5 Thinking in Bandwidth

Why Moving Data Often Costs More Than Computing

An H100 GPU can perform about 1,000 trillion operations per second for dense FP16. It can move about 3.35 trillion bytes per second from memory. That’s roughly 300 operations per byte. FP8 peaks are higher, which raises the ridge point. If your algorithm does far fewer than ~300 operations per byte, you’re not computing—you’re waiting.

Understanding this ratio is the key to understanding modern performance.

5.1 The Second Lie

The previous chapter exposed the first lie: memory access is not uniform. But there’s a second lie, equally pervasive:

The lie: Performance is about doing operations faster.

The reality: Performance is often about moving data faster.

On modern hardware, computation is cheap. Communication is expensive. A floating-point multiply costs a fraction of a nanosecond. Moving the operands from memory costs tens of nanoseconds.

We’ve built machines that can compute faster than we can feed them.

5.2 The Numbers

Let’s look at an NVIDIA H100 GPU:

Resource	Capacity
Peak FP16 compute	989 TFLOPS
Memory bandwidth	3.35 TB/s
Ratio	295 FLOPS/byte

What does this mean? For every byte you move from memory, you need to do about 300 operations to keep the compute units busy (for dense FP16). If you do fewer, the compute units sit idle waiting for data.

For comparison, here’s a CPU:

Resource	Capacity (Intel Xeon, 32 cores)
Peak FP32 compute	~3 TFLOPS
Memory bandwidth	~300 GB/s
Ratio	10 FLOPS/byte

The GPU ratio is 60× higher. GPUs are even more starved for bandwidth relative to their compute capacity.

5.3 Arithmetic Intensity: The Key Metric

This leads to the most important performance metric you’ve probably never heard of:

\[\text{Arithmetic Intensity} = \frac{\text{Operations}}{\text{Bytes Moved}}\]

Arithmetic intensity tells you how much compute you’re doing per byte of data movement. It’s measured in FLOPS/byte (or OPS/byte for integer operations).

Different operations have different intensities:

Operation	Operations	Bytes	Intensity
Vector add (a + b → c)	n	3n × 4 = 12n	0.08 FLOPS/byte
Dot product (a · b)	2n	2n × 4 = 8n	0.25 FLOPS/byte
Matrix-vector (Ax)	2n²	n² × 4 + n × 4 ≈ 4n²	0.5 FLOPS/byte
Matrix-matrix (AB)	2n³	3n² × 4 = 12n²	n/6 FLOPS/byte

Notice the pattern:

Vector operations: ~0.1 FLOPS/byte. Hopelessly memory-bound.
Matrix-vector: ~0.5 FLOPS/byte. Still memory-bound.
Matrix-matrix: ~n/6 FLOPS/byte. For n=1000, that’s ~167 FLOPS/byte. Potentially compute-bound!

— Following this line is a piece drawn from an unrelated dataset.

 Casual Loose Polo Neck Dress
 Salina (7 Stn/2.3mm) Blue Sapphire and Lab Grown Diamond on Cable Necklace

Matrix multiplication is special. It does O(n³) operations on O(n²) data. This O(n) arithmetic intensity is why GPUs are designed around matrix multiply, why neural networks use matrix multiply everywhere, and why so much effort goes into casting other operations as matrix multiplies.

5.4 The Roofline Model

The roofline model [1] visualizes this tradeoff beautifully.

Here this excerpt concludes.